This post will be full of typos and rhetorical slips and just generally bad writing. I’m just gonna write and post and I won’t bother editing. Sorry.
This morning, after BLTs with wife and child I checked my email. My buddy Damon sent me this article from the New York Times. Damon’s subject line, “David Foster Wallace dead at 46 (suicide)” kinda blew my mind. I didn’t get past the first lines of the Times report before tears started coming out of my eyes.
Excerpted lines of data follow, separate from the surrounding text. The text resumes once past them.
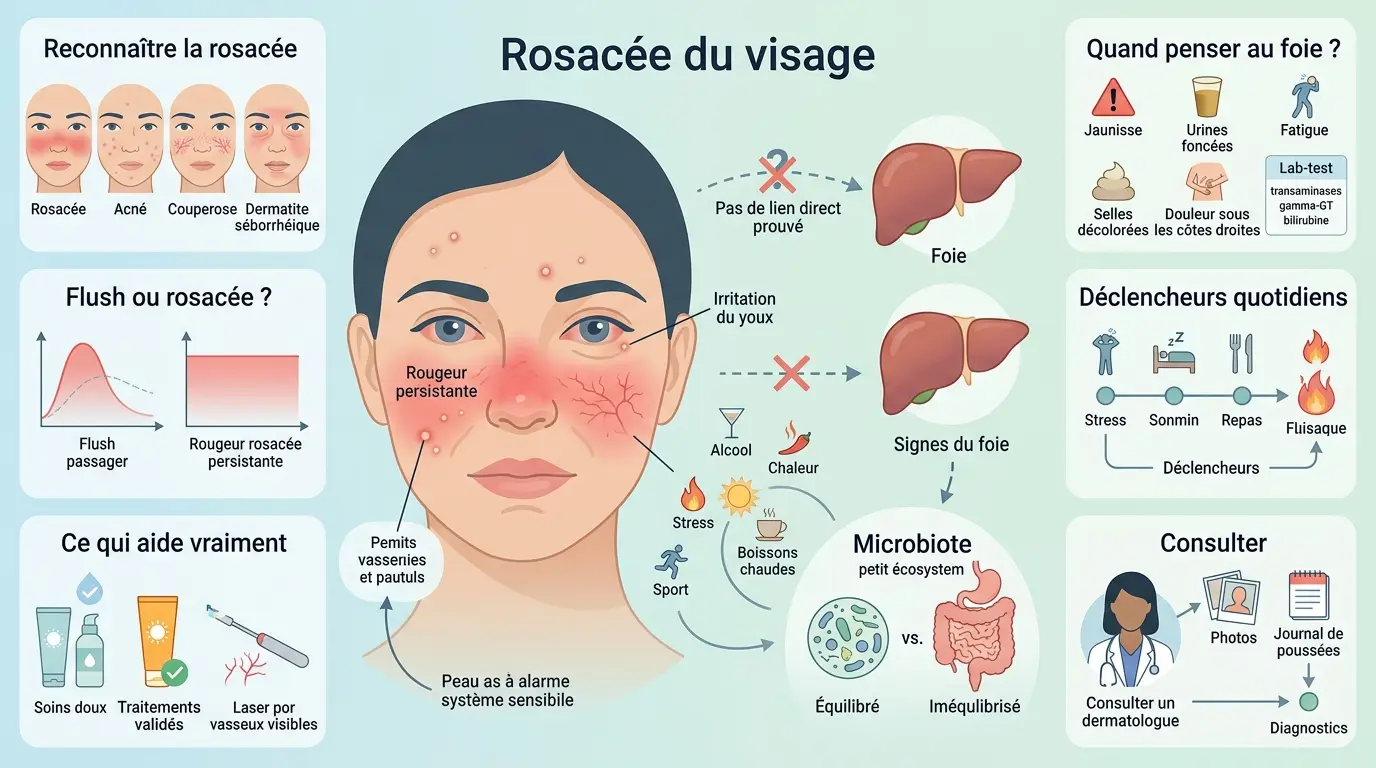 Infographie éducative sur acné rosacée et problème de foie, illustrant les signes, déclencheurs et conseils dermatologiques.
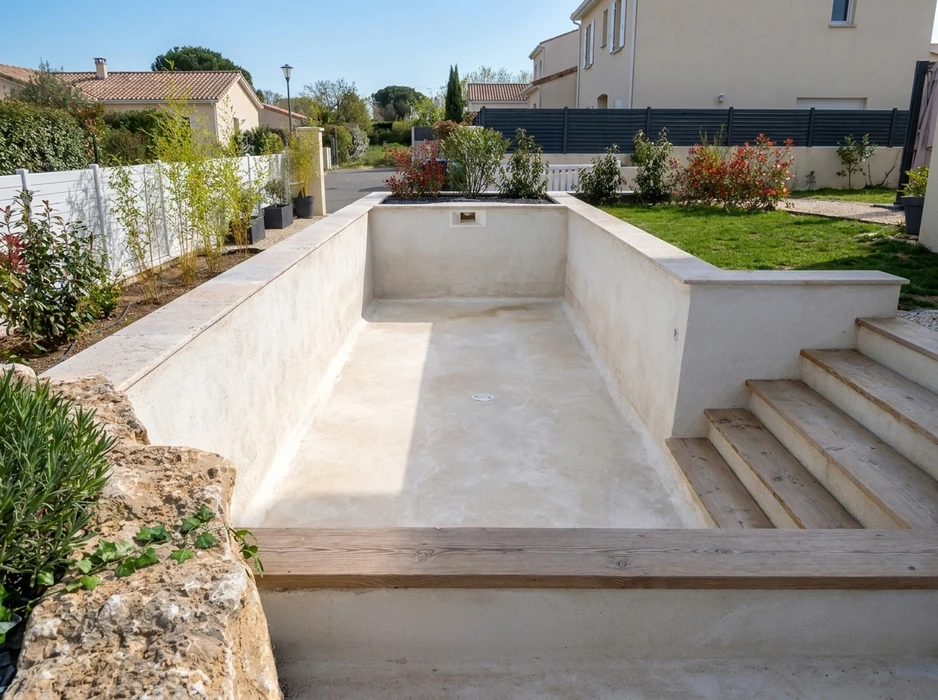Piscine à débordement rectangulaire de type lap pool, entourée d'un dallage en travertin beige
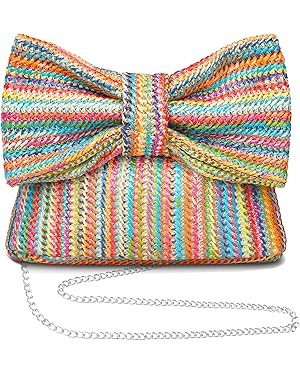 Straw Clutch Purse for Women, Bow Woven Beach Bag, Summer Evening Purse Vacation Handbag | Amazon (US)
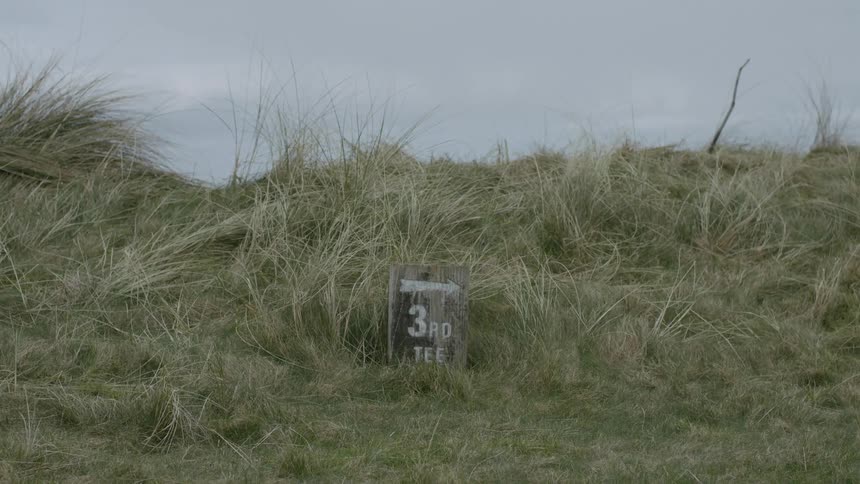 3rd tee sign outdoors in tall grass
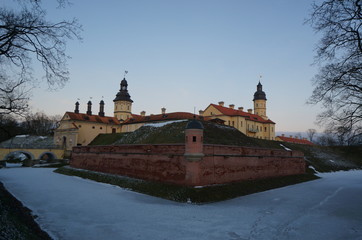 Obraz premium Nesvizh Castle, Belarus in winter 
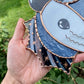 Black and White Wizard Opossum Stained Glass Suncatcher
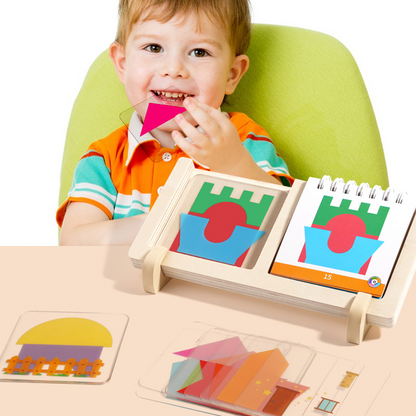 50 % RABATT🎁60 nivåer🏆🧩 -✨【Geometriskt huslagerpussel med träbas】✨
I’ve read all of DFW’s books, and, as corny as it sounds, the majority of them spoke so directly to me, so intimately, that I feel as if I’ve lost someone I knew. I’m sure that this isn’t the case at all, because he’s a writer and I’m his audience. He’s not friends or family. But reading him doesn’t feel that way. I would describe his style as a really, really good friend sitting on the couch with you, telling you stories that were both painfully funny and painfully sad. Infinite Jest provided a world of escape–a world I became addicted to–when I felt lonely in a foreign country I’d moved to. Girl with Curious Hair changed forever the way I thought about writing and reading–it opened me up to a whole new bank of authors and styles. But it’s probably DFW’s essays that hit me most directly.
Anyone who’s read the title essay from A Supposedly Fun Thing I’ll Never Do Again, or “Getting Away from Already Being Pretty Much Away from It All” from that same collection knows just how funny and insightful and analytical Wallace could be–all without any of the caustic meanness a lesser writer might employ. DFW’s essays–and fiction–are always negotiating the razor line between earnest emotion and ironic detachment. He hated the latter but understood it was part of a cultural mode, part of the counter-tradition of post- or meta- fiction that he was continuing and responding to with his own writing. The two essays that probably best exemplify this are a Fun Thing‘s “E Unibus Pluram: Television and U.S. Fiction” (this should be required reading for every thinking person) and “Authority and American Usage,” DFW’s take on who-decides-what-is-proper-grammar-and-diction (collected in Consider the Lobster). I was re-reading the essay last Thursday and last night, with the intention to finish it today, with the intention to use it as part of something else I had planned to write. It will be impossible to finish it with the same reading schema in mind.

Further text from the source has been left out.